The 2025 Guide to AI Product Development

8 Principles We Think Every Leader Should Know

Jul 08, 2025

When we started building our first AI products in 2017, we were operating in uncharted territory. There was no playbook for 'prompt engineering', that concept wouldn't emerge for years. Instead, we were learning hard lessons about early language models: discovering why our early assistant prototypes would unexpectedly go off piste, and fielding questions from onlookers about why small language models embedded in mobile apps didn’t feel more like Scarlett Johansson’s famous AI avatar.

Fast forward to today, and we're helping ASX-listed companies create highly impactful LLM-powered systems that handle vast amounts of valuable interactions.

The technology has transformed the way ambitious organisations are now creating new experiences for customers, driving efficiency and growth internally and augmenting the value that their people and data offer.

In working across a diverse bunch of AI projects over the last few years, we’ve developed some principles that, although not locked in stone, are robustly discussed every day in our work.

We've found that applying product development principles to internal AI initiatives—which forms a significant portion of our work—is just as valuable as using them for customer-facing AI applications.

So whether you're leading AI strategy from the C-suite or building it in the trenches, we think these eight principles will help you ship AI products that users actually adopt and businesses actually benefit from:

1. User Jobs-to-be-Done, Not AI Jobs-to-be-Done

Whereas traditional thinking always had us start with user needs and building features to meet them, in working with AI we still start with user needs but need to figure out where AI actually adds value.

The biggest mistake we see people make? Falling in love with what the AI can (or might be able to) do instead of what users need it to do.

Your users don't care that your LLM can write poetry, count the Rs in strawberry and explain quantum physics. They care about getting their specific job done faster, better, or cheaper or even more creatively. Before you write a single prompt, map out the core user journey and identify the specific friction points where AI can genuinely help.

Additionally, when it comes to AI workflow design, we constantly need to be questioning why things are currently done in a certain way. In 2025, there stacks of ways to reimagine customer experiences and organisational workflows with a view to what’s now possible.. that simply wasn’t yesterday.

2. AI Product Owners: business and technology

The most successful AI implementations we've seen at Move 37 have one thing in common: dedicated business and technology product owners who can make decisions in real-time.

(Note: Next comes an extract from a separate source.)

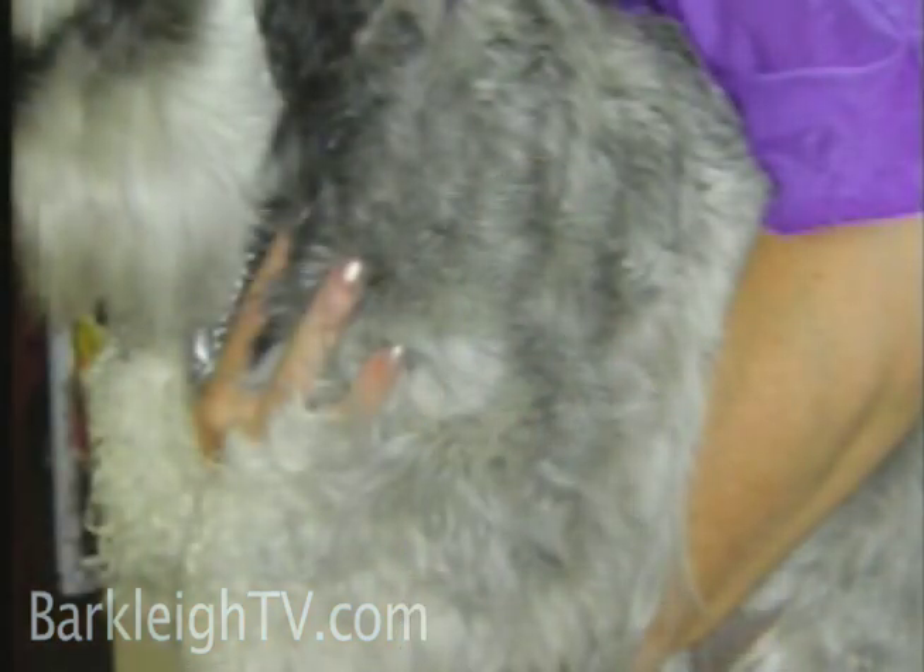This is a miniature schnauzer. The most important part of this is to show that my hand is on his chest. Always try to keep one hand on the chest and one of your arms tucked under his front legs. The hand on the fore chest is really important — the dog feels super secure like that so that when you take him out of the cage, he doesn't feel like he's going to fall.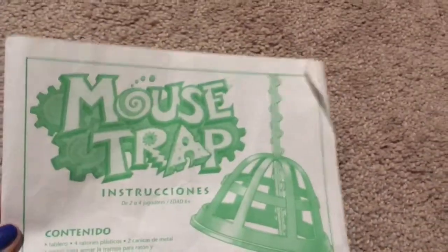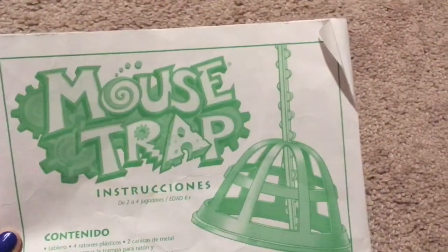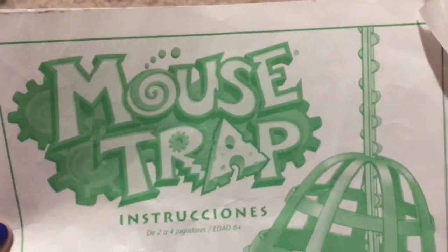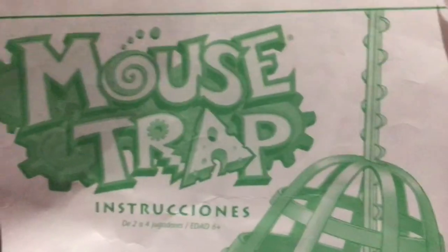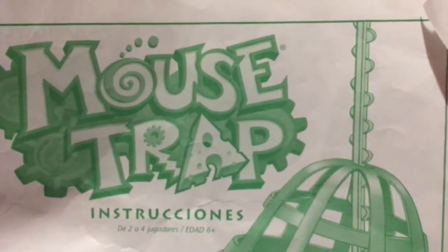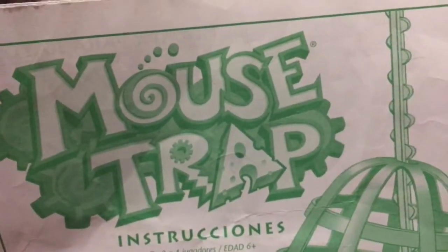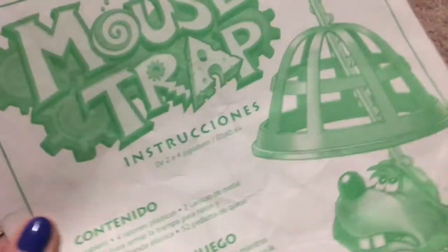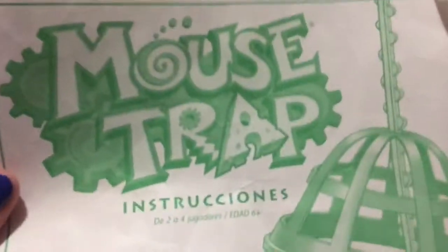This is Melissa's Surface Pack 7, and this video will not interest you unless you are looking for mousetrap directions in Spanish. This is for another YouTuber that commented on my video about mousetrap games — they want a copy of the mousetrap game directions in Spanish because they live in Guatemala and don't have access to the directions.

Not just stakeholders or reviewers but actual decision-makers with some form of skin in the game. Just to be clear, these people come in many different forms - CEO of medium-sized businesses, CTOs, CMOs, Product Innovation Leads etc.

Here's why this matters more than ever with AI products:

a. AI decisions happen at the intersection of business logic and technical possibility.

When your LLM suggests three different approaches to handling a customer complaint, you need someone who understands both the business implications ("Will this response align with our brand voice and customer retention goals?") and the technical constraints ("Can we reliably detect when to use this response pattern, and what's our fallback if the confidence score is low?").

b. The judgment calls are constant and nuanced:

Should the AI be more helpful or more cautious in this scenario?
When should we escalate to humans vs. push for automation?
How do we balance personalisation with privacy?
What level of AI confidence threshold makes business sense?
How do we handle edge cases that represent 1% of interactions but 50% of user frustration?

AI product development is a team sport that requires both business alignment and technical discernment, at the same time.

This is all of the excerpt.